15. Location-Allocation Problems
This class of problems in known as location-allocation problems, and solving them usually involves choosing locations for services, and allocating demand to them to achieve specified goals
Those goals might include:
minimizing total distance traveled
minimizing the largest distance traveled by any customer
maximizing profits
minimizing a combination of travel distance and facility operating cost

16. Routing Problems
Another type of optimization problems is known as routing problems:
Suppose we have a set of locations we need to visit, and we want to find the optimum route to travel to minimize travel time.
The ‘traveling salesman problem’ is just this sort of problem:
Find the shortest tour from an origin, through a set of destinations, that returns back to the origin.

17. Routing service technicians for Schindler Elevator: Every day this company’s service crews must visit a different set of locations in Los Angeles.
GIS is used to partition the day’s workload among the crews and trucks (color coding) and to optimize the route to minimize time and cost.

18. Optimum Paths
Another sort of optimization problem is encountered when we have a known origin and destination, and we need to find the best route between the two, given data that describes the ‘cost’ of taking various paths
The goal is to find the best path across a continuous cost surface
The goal is to minimize total cost
The cost may combine construction, environmental impact, land acquisition, and operating costs
This is used to locate highways, power lines, pipelines
It requires a raster representation
(Finding the optimal route between two locations on a vector road network is a related sort of problem)

19. Least-Cost Path Example
The figure to the left shows the solution of a least-cost path problem:
The white line represents the optimum solution, or path of least total cost, across a friction surface represented as a raster layer
The area is dominated by a mountain range, and cost in this example is determined by elevation and slope
The best route uses a narrow pass through the range.
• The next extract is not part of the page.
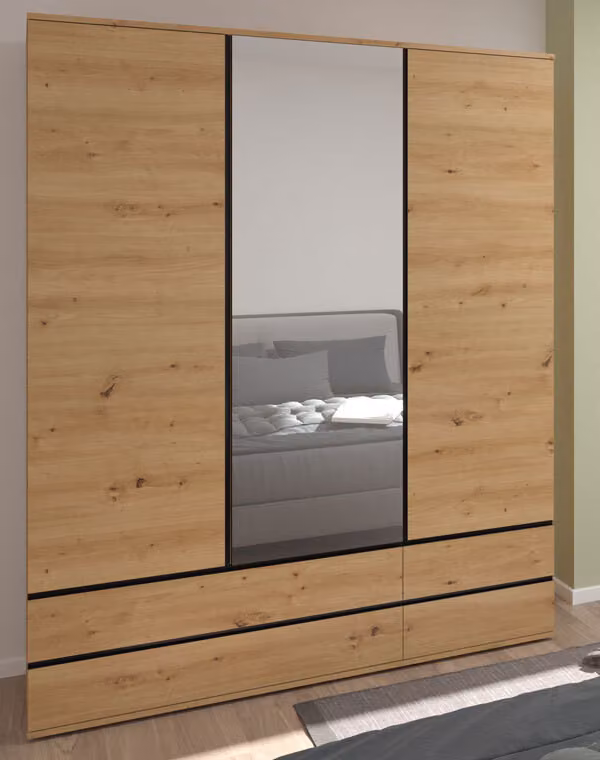 Armadio Naxos ad ante battenti con specchio 165x58x210cm rovere artigianale nero opaco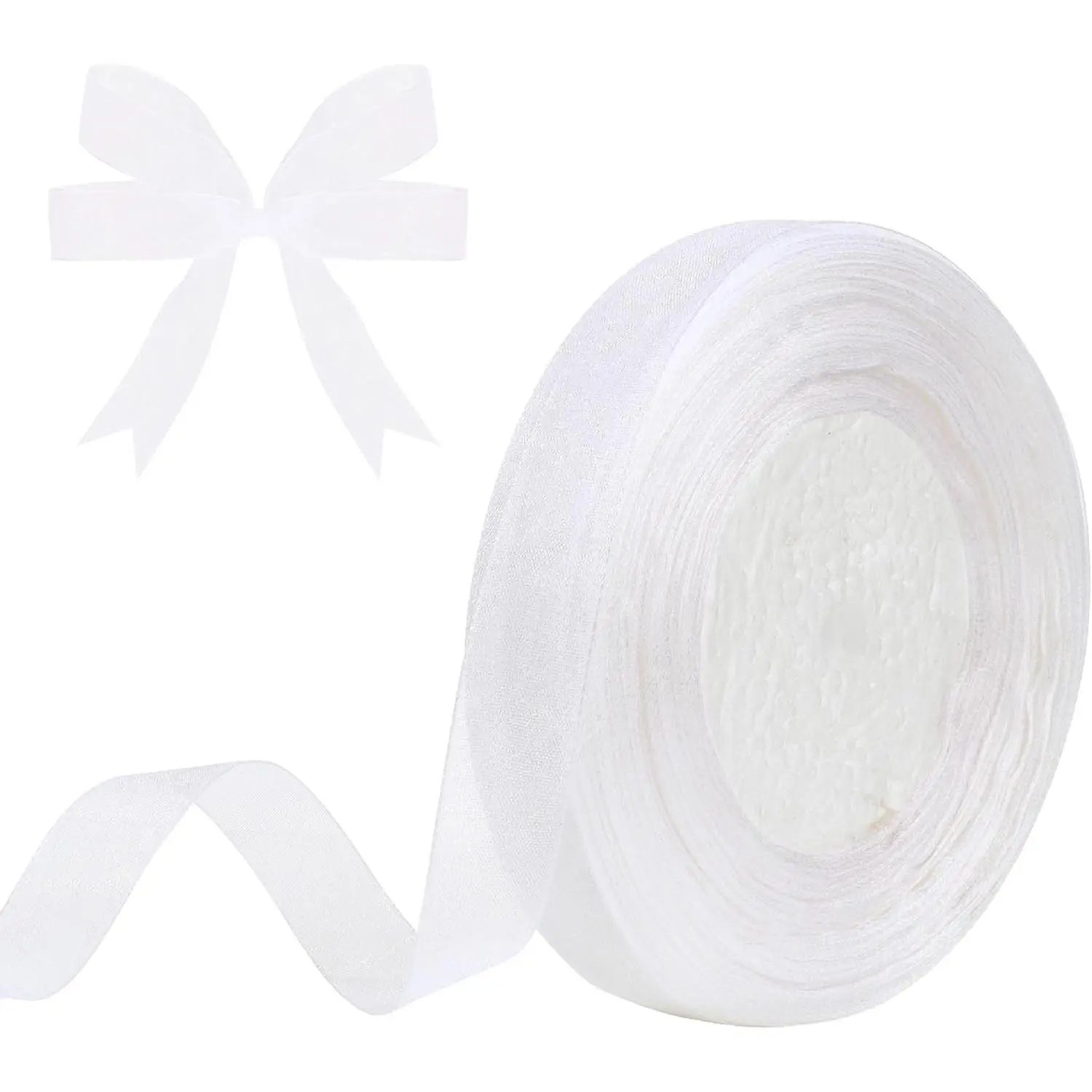 5/8 Inch x 50 Yards Sheer Organza Chiffon Ribbon for Gift Wedding Flower Bouquet Wrapping Decorations Crafts (White)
The blue line results from solving the same problem using a coarser raster

20. 6. Hypothesis Testing
Hypothesis testing is a recognized branch of statistics.
We collect data and test relationships between variables, such as:
Respiratory disease and distance from polluting factories.
Distance from power lines and brain cancer incidence.
Do more wildlife survive when greater than a mile from regular human activity?
Do the restaurants of a chain located in higher income areas bring in more revenue?
What combination of soil type, climatic conditions, and fertilizer use generally produce the highest crop yield?